Science
fiction | Old Mars | Edited by George RR Martin and Gardner
Dozois
As
George RR Martin says in the introduction, this is the 'old' Mars,
the one in the imaginations of Percival Lowell, Edgar Rice Burroughs
and Ray Bradbury. The Mars with ancient canals so wide they are
visible from Earth. Not the real Mars of barren lands and atmospheres
thinner than ghosts. Short stories to evoke that utterly fictional
Mars.
Let
me go story by story. But to start with, I was greatly disappointed.
The first stories are very much close to the tenor of earlier
stories: all-male. As the book proceeded, though, I revised my early
impressions. Which is good for you. I think.
Martian
Blood by
Allen M Steele is about an Earth researcher going into the
tourist-ridden
cities on Mars, looking for
some Martian blood to prove or disprove his hypothesis that Martians
and Earthers are ultimately descended from the same genetic pool. The
Martian natives (no other word quite fits, sorry) are reclusive and
hostile, likely to be violent.

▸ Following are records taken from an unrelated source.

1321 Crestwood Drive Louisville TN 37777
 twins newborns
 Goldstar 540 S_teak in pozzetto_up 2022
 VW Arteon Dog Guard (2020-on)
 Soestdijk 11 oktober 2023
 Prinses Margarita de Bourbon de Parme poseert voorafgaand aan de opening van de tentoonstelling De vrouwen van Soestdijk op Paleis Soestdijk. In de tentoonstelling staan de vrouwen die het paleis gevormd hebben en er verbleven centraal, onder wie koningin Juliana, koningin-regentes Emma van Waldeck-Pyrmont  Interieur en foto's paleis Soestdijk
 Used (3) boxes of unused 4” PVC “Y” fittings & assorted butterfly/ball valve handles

The researcher's hired guide is left
to make world-changing decisions. Is it deliberate that the Martian
aborigines' word for themselves is shatan?
The
Ugly Duckling
by Matthew Hughes could have been written by Bradbury. Fred Mather,
an archaeologist, smuggles himself to Mars, marsquerading (I can't
help myself) as a miner. Miners on Mars have quotas to fill. Martian
cities are made of bone, and pulverising them and shipping them is
hugely profitable. Nobody to record the cities, or the Martian
culture. Fred offers to scout and lay the laser finders for the big
machines. This way, he gets to see the city before it is demolished.
He finds an amphitheatre, and the Martian script suddenly and
telepathically makes sense to him, as he finds himself immersed in a
Martian entertainment/history. The boss miner finds him lost to the
Martian madness, in which he thinks himself a Martian, and has to
save himself from Fred's attack. For some reason, ancient Martian
'masks' have value. Go figure.
In
The Wreck of The Mars Adventure,
Captain Kidd is rescued by the King of England days before he is due
to be hanged, under condition that he leads an expedition to Mars. On
a sailing ship equipped with hot air balloons. And accompanied by the
eccentric scientist who has designed the equipment. Off they sail,
through doldrums and storms between the planets. (Yeah, exactly!).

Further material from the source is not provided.